In the following conversation:

I: 你住在首尔吗?

X: 来玩的

I: 那你到几天在这边吗?

X: 对啊

I tried to ask "Then until when (which day) do you stay here?", but the opponent seems to take it differently, possibly she thought I asked "Then do you stay here for several days?".

I thought 到 means "until", so it is correct grammar-wise. But it seems to not make sense, given the reaction of the opponent.

So what is the correct way to ask "Until when do you stay here?" in Chinese?

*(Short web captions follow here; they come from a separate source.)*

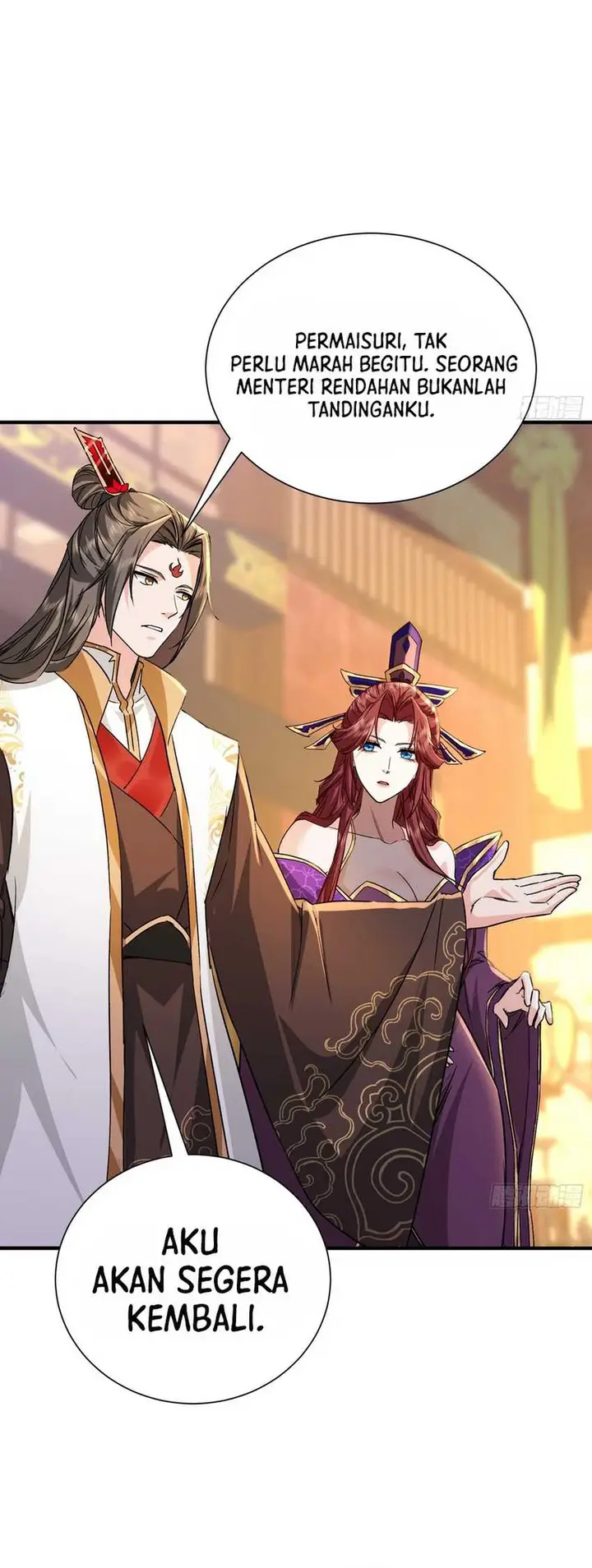 image-komik-humble-system-beg-me-to-be-invincible-chapter-8-17/25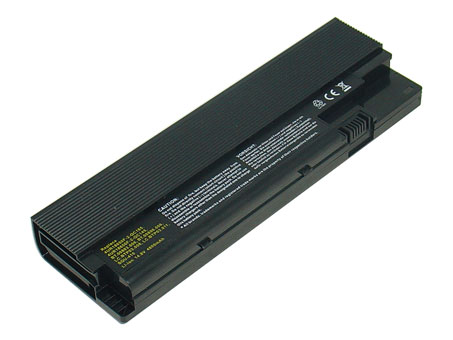 Recambio de Bateria de laptop ACER 916C4310F 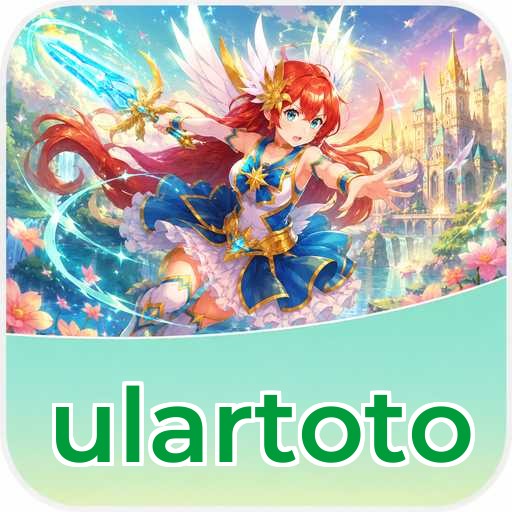 ulartoto Verification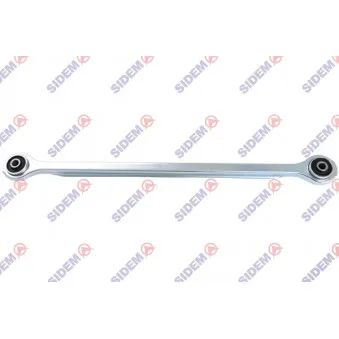 Biellette de barre stabilisatrice SIDEM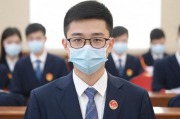 掌握好上海硕士人才补贴申请的关键点，上海硕士人才补贴如何申请？关键要点需了解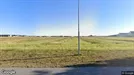 Lager til leje, Middelfart, &lt;span class=&quot;blurred street&quot; onclick=&quot;ProcessAdRequest(297760)&quot;&gt;&lt;span class=&quot;hint&quot;&gt;Se vej-navn&lt;/span&gt;[xxxxxxxxxx]&lt;/span&gt;
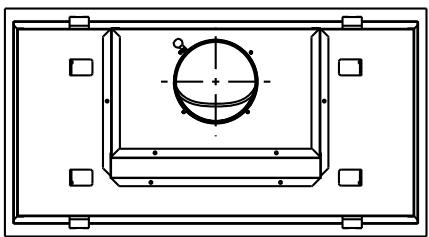 ROBLIN ACTIS ELECTRO 57 - ACTIS ELECTRO 7741 - 4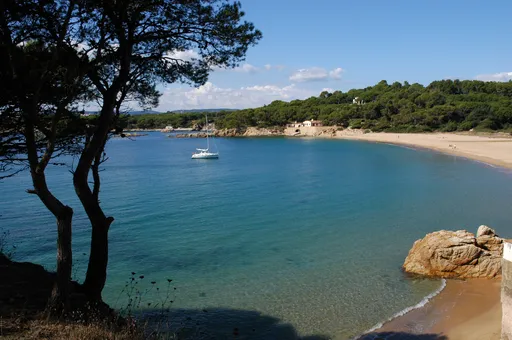 El Castell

And why does my sentence not make sense?

2 Answers 2


Better ideas of what you want to convey include:

  • 待到什么时候 - when will (you) stay till

  • 待几天 - stay for how long

  • 待多少天 - stay for how long

A couple of notes:

  • 几 - is only a number 0-9, not above ten.

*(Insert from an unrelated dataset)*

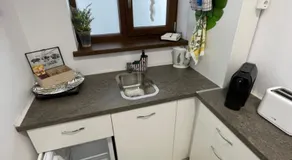 Gizell Apartment 2 - Image 3
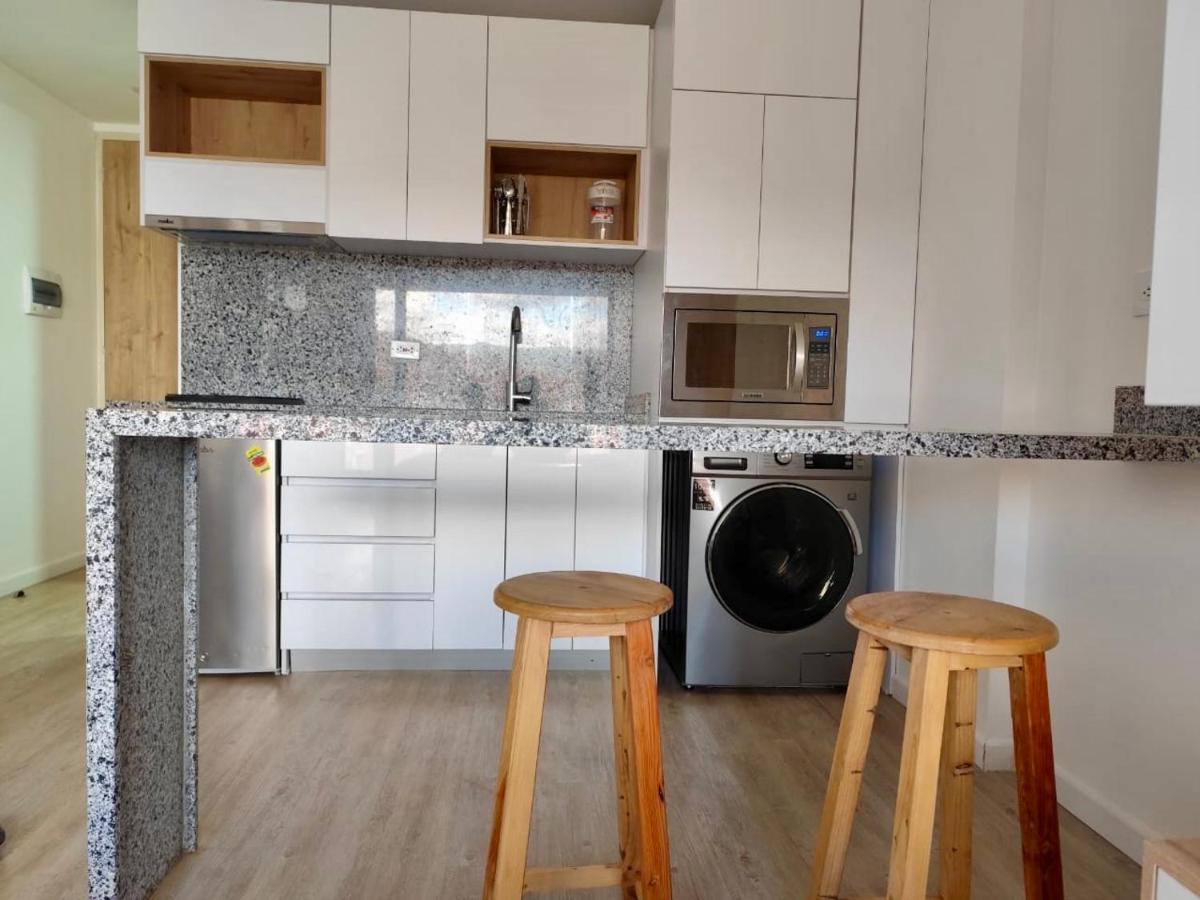 Excutive Studio-Torre Magna - 4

  • 几天 - is then thusly less than ten days, technically. Also, this doesn't work like 几号? if you want to ask which or what day it would be 哪一天?.

Only use this if you know that you've got your numbers right.

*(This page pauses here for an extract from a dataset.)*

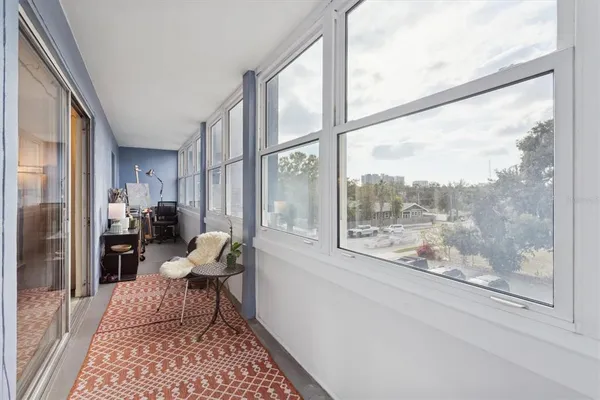 $179,000 | 841 4th Avenue North, Unit 32, St. Petersburg, FL 33701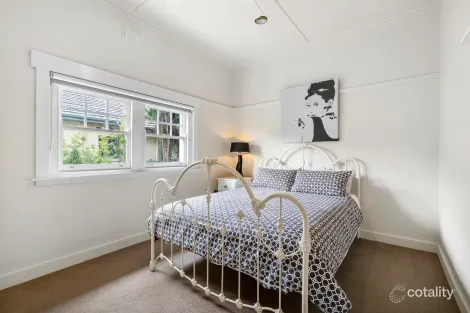 Property photo of 7/4 Loch Street St Kilda West VIC 3182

  • 多少 - on the other hand contains most all numbers, it's a safer bet.

Your sentence (那你到几天在这边吗?) is missing a verb, specifically 待 -or- 呆 - the "stay" you wanted to translate from your English sentence. 待到 would be better - here 到 indicates completion of 待.

  • places usually come near the beginning of sentences - 在这边 should come after 你.

Also another more direct way to ask:

  • 什么时候走?

The best way to say it in Chinese is 什么时候走 (When do you leave).

“直到”, though literally means until, is a rarely used word in Chinese, and is usually considered the last choice to use when translating English. In many cases where you use until in English, you have to use other phrases in Chinese.

  • This did not happen until 1998. → 1998 年以前没有发生过。(until here means before, so translation of before is used instead)
  • Wait until two o'clock. → 等到两点再说。(until here means that you will do something else after two o'clock, so doing something else is used instead)
  • Don't come in until I tell you to. → 我叫你进来别进来。(until here means that the former part (come in) will never happen if the condition in the latter part (I tell you to) is not met, so if-not-then is used instead)

And, for your case, the best translation is

  • Until when do you stay here? → 什么时候走?

which is totally different than its English counterpart.

Therefore, my opinion is, whenever you want to translate something with until from English to Chinese, always try to use some other expressions without until.


You can also say 你在这儿待到哪天 or 你在这儿待到什么时候, which are closer to your original sentence. They are totally fine, but might take the listener a bit longer to respond.